Is it simply everything outside the formal, in which case we start asking what exactly is the formal? Is it really possible to conceive a pure formal settlement at work, like a machine or a perfectly orchestrated system? With no traces of what we call informal processes intrinsic to them?

Modernism pushed this vision to the extreme and some even tried to engineer urban systems in the same way as Henry Ford had organized his assembly line. A human scale of relating to space was the main casualty of such thinking, with some cities becoming as alienating as factories. Think of generic central business districts, master planned suburbia stretching along miles of roads, and satellite towns with rows of mass-produced buildings meant for the economically marginalized. This is the urban history of many cities and the future of so many more. The forces that produce hyperformal habitats dominate the urban development (i.e.: real estate market) of emerging megacities throughout Asia and so many other parts of the world.

But however much we organize, masterplan, regulate, institutionalize, and police our cities they remain a mix of systemic order and spontaneous, improvised, “informal” responses and actions, rooted in human emotions, needs and imagination. And this holds true on both sides of the imaginary line between the formal and the informal city.

Almost every commentary on formal processes, spaces and activities acknowledge that an ideal-typical formal equation does not exist in real life. Similarly, all those who have studied informal processes point out to the presence of structures and power equations, which approximate what happens in formal contexts. There is an inbuilt element of circular reasoning which is unavoidable when entering this discursive space. This becomes even more complex when understanding urban worlds especially in dealing with the huge variety of spaces most cities are made of. A variation punctuated by economic disparity, aspiration, hierarchy, equalities and inequalities and specific histories. These structuring forces are present in all forms of habitats, yet there is an enduring tendency to refer to some neighbourhoods as informal settlements.
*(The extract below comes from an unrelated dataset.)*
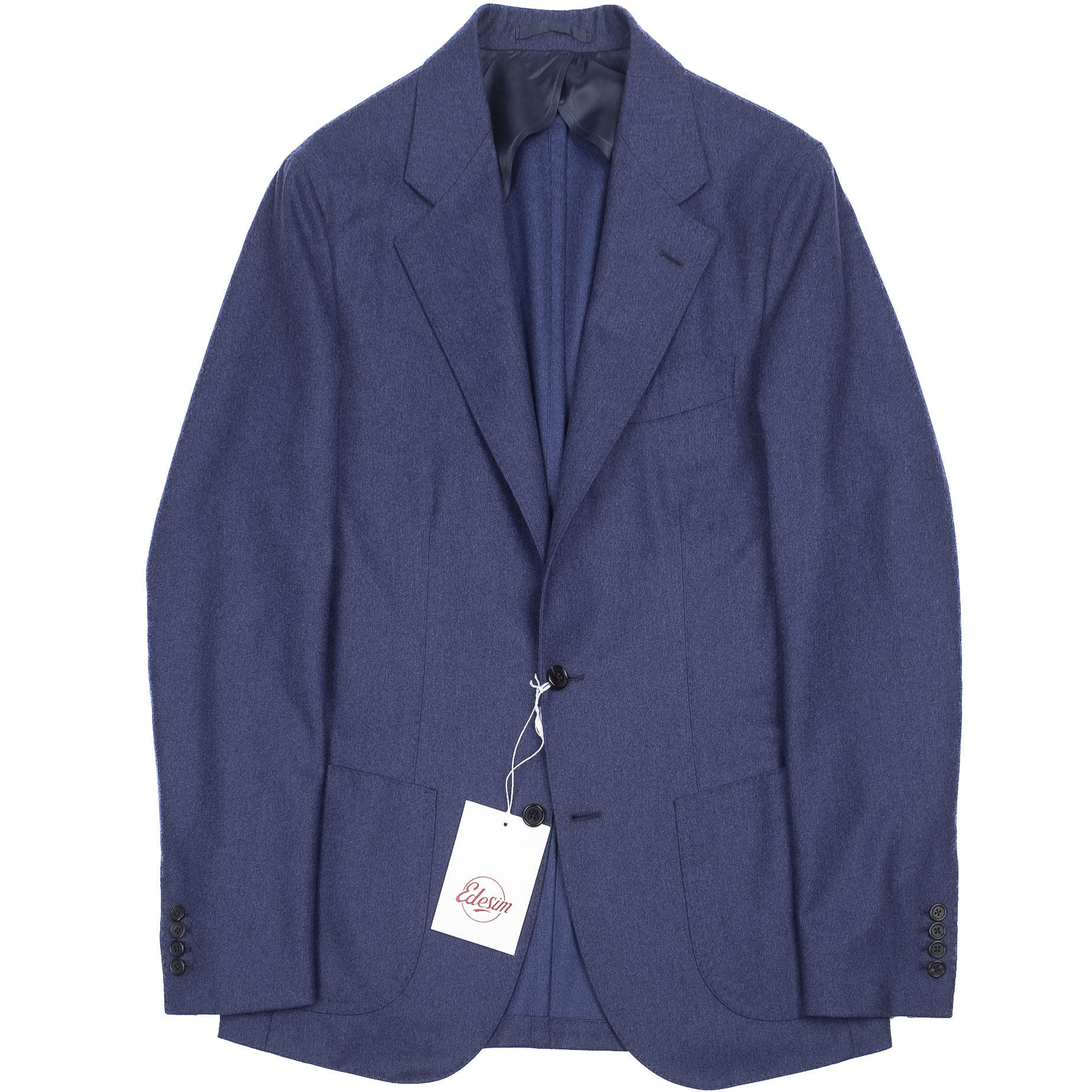 Neapolitan Hand Tailored Blue Flannel Sport Coat, 48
The word “informal” may be more politically correct than the “s… word”, but at the end of the day it is equally dismissive and misleading, especially when it is meant to describe an extremely diverse range of habitats and living arrangements across the world. “Tales of two cities” have for too long dominated narratives of urban development in emerging countries. There isn’t some “other”, “informal” space. Instead, there are multiple urban histories and trajectories that must be recognized and respected.

Seeing this requires zooming down to the small picture –that always helps with the big picture as well. Rather than labeling entire neighborhoods “informal”, we should pay attention to what we see at the street level (and sensing what we can’t see). To illustrate our argument, we would like to take you to Dharavi’s Mahatma Gandhi Road, where we spend lots of time, working on and thinking about the potential futures of this iconic post-industrial Mumbai neighborhood.


Dharavi MG Road

Dharavi keeps on escaping simple definitions. First it was marked as a slum (the “largest in Asia”, if you recall the headlines from the 1980s onwards). Slowly researchers, the media and parts of the public started to question if Dharavi could really be called a slum. After all, it was composed of a diverse fabric including villages, municipal chawls, high-rises, self-standing houses built by rich merchants, transit camps as well as self-helped and incrementally developed structures. It was an economic miracle full of traders and producers, so far from any clichéd image of how an impoverished neighbourhood is supposed to look like. Moreover, the residents of Dharavi, an older settlement compared to other similar neighbourhoods in Mumbai – managed to lift themselves out of poverty in spite of the lack of infrastructure and public services. Today many of them have reached middle classdom and gone beyond.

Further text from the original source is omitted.